START Information provided

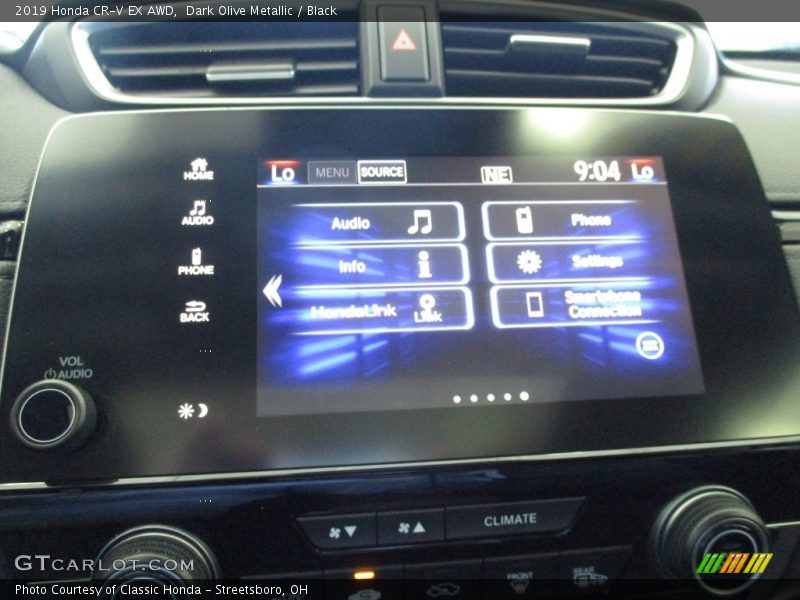 Dark Olive Metallic / Black 2019 Honda CR-V EX AWD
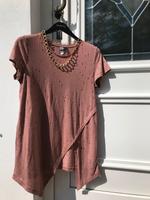 Shirt, H&M, Farbe rosenholz, Zipfel- Lagenlook Brandenburg - Templin Vorschau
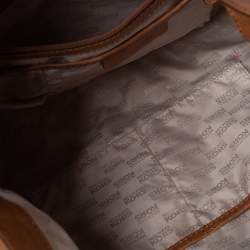 Pre Owned MICHAEL Michael Kors Brown Studded Leather Aster Ring Hobo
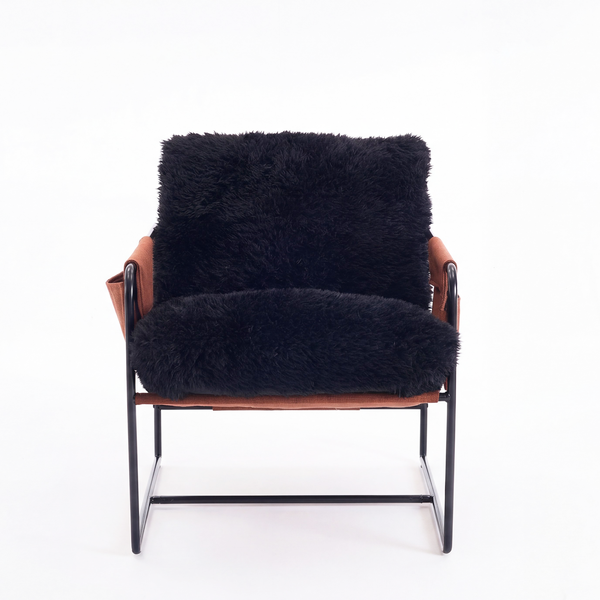 Modern Accent Lounge Chair Comfy Armchair with Side Pocket Wide Recliner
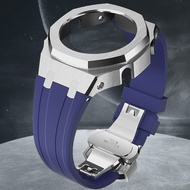 Gen4 Mod Kit สําหรับ GA2100 กรอบโลหะ Casioak การปรับเปลี่ยน GEN4 รุ่นยางนาฬิกาสายสแตนเลส GA 2100/211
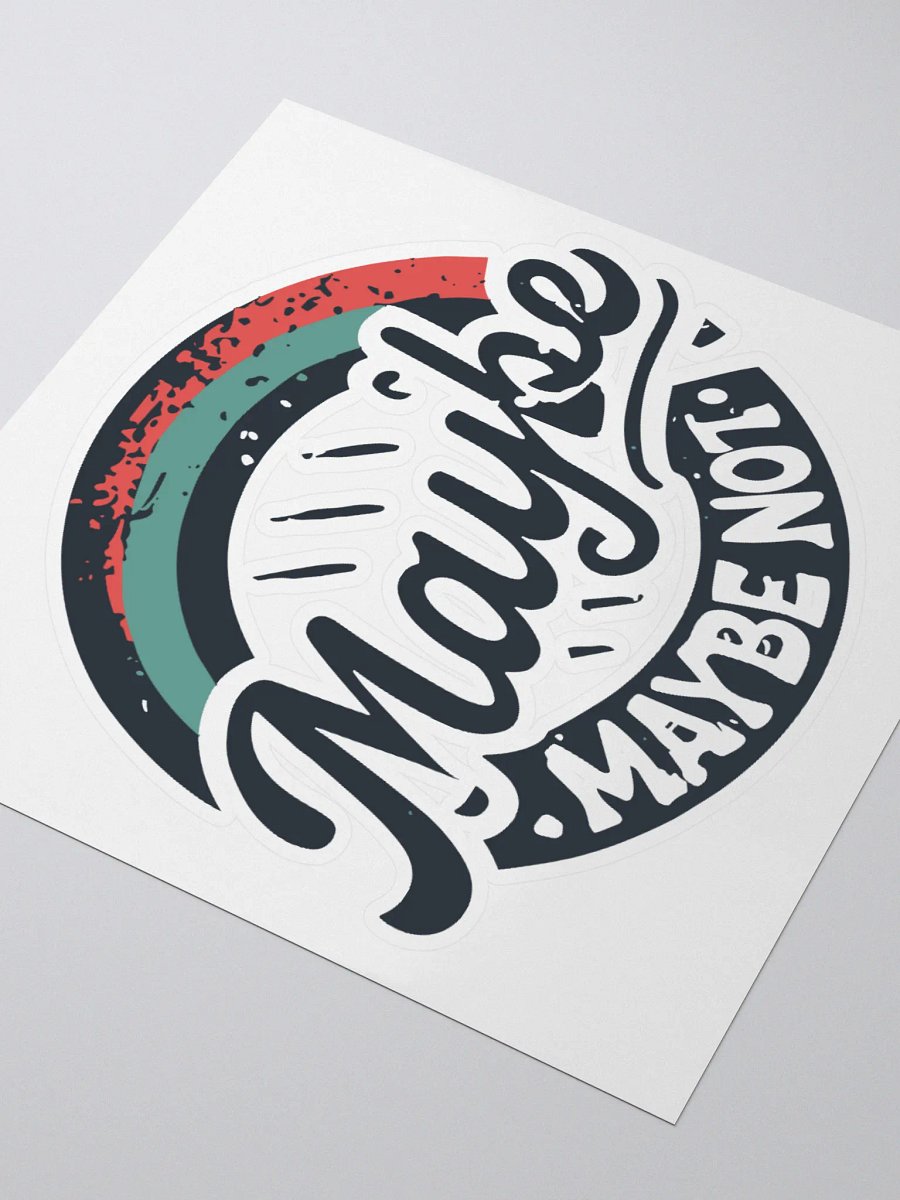 Maybe, Maybe Not Circle product image (3)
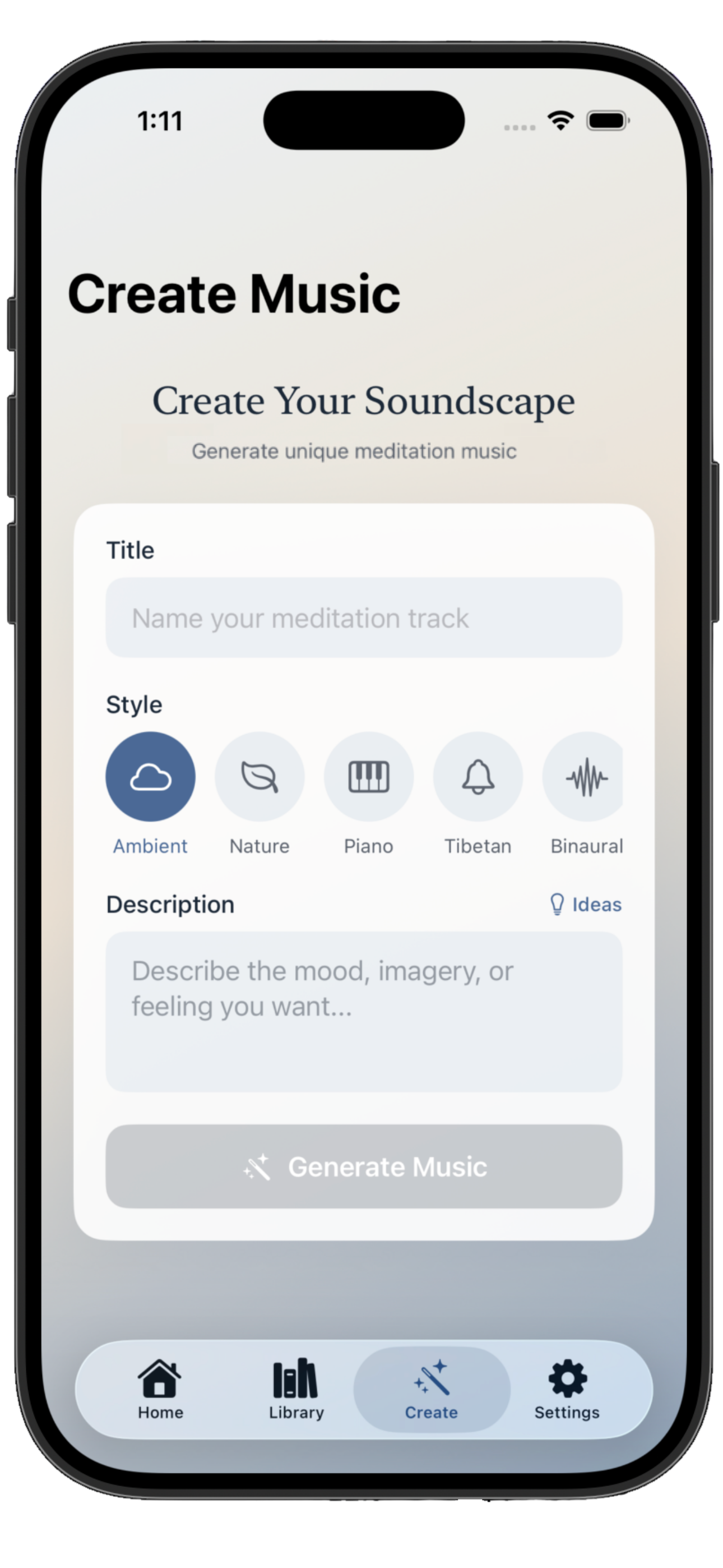 Still App Interface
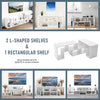 Free Combination TV Stand for TVs up to 65 Inches Media Entertainment Fnhucaxnlw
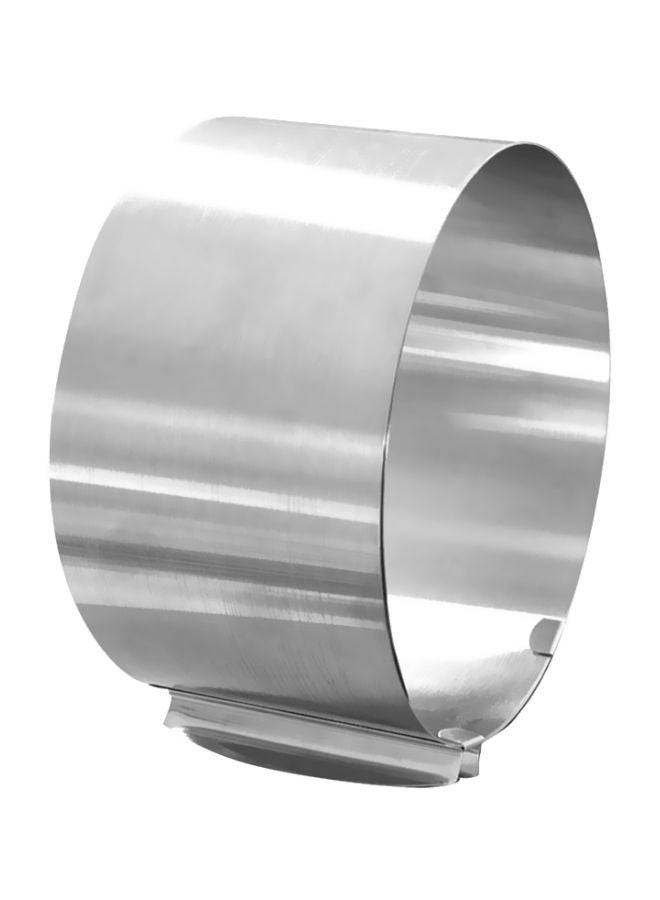Retractable Stainless Steel Cake Ring Silver 17x9x16.50cm - Image 2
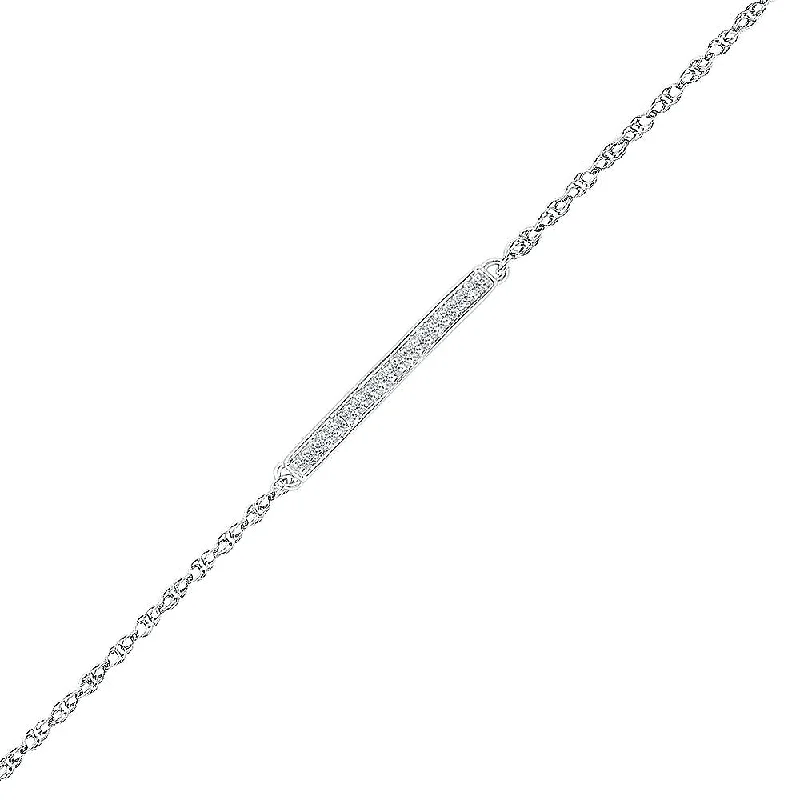 Diamond Bar Bracelet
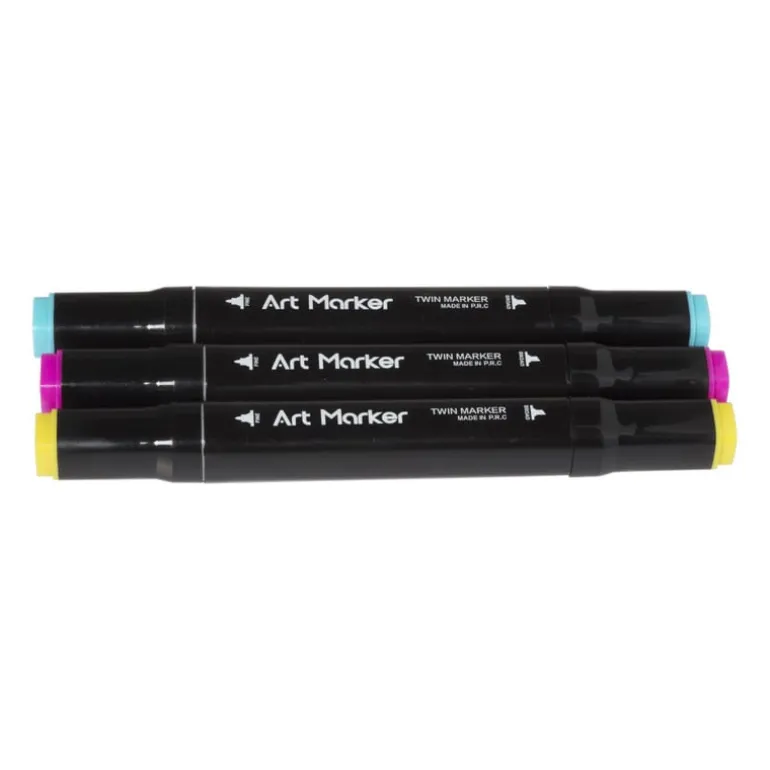 Twin markers - set van 24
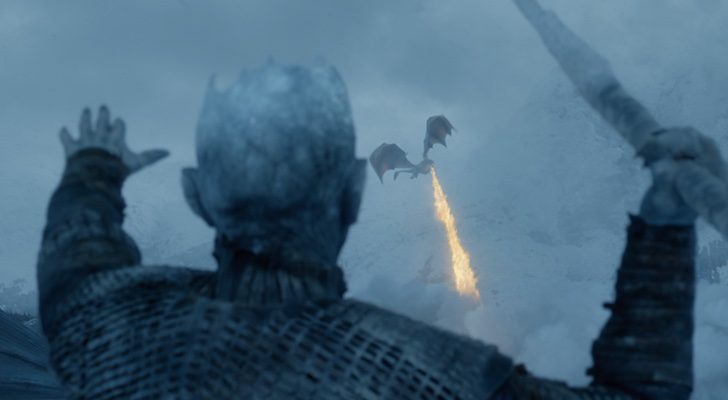 El Rey de la Noche ataca a Viserion en el 7x06 de 'Juego de Tronos'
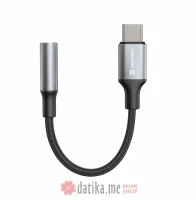 Swissten Audio kabl Textile USB-C (male) / 3.5mm AUX 0,15 M Black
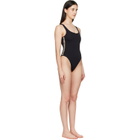 Burberry Black Check Trim Swimsuit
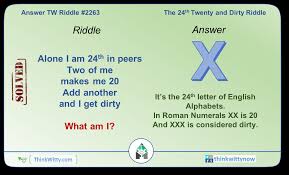 Test yourself with the following riddles and see how many of them take your mind down the dirty path. Answer To The The 24th Twenty And Dirty Riddle Think Witty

END Information provided

_Exercise prompt_:
The copy should start at the line that contains "Free Combination TV", end at the last line of the entries above, and match each line exactly, with pictures dropped.

_Your response_:
 Free Combination TV Stand for TVs up to 65 Inches Media Entertainment Fnhucaxnlw
Retractable Stainless Steel Cake Ring Silver 17x9x16.50cm - Image 2
 Diamond Bar Bracelet
 Twin markers - set van 24
 El Rey de la Noche ataca a Viserion en el 7x06 de 'Juego de Tronos'
 Swissten Audio kabl Textile USB-C (male) / 3.5mm AUX 0,15 M Black
 Burberry Black Check Trim Swimsuit
 Test yourself with the following riddles and see how many of them take your mind down the dirty path. Answer To The The 24th Twenty And Dirty Riddle Think Witty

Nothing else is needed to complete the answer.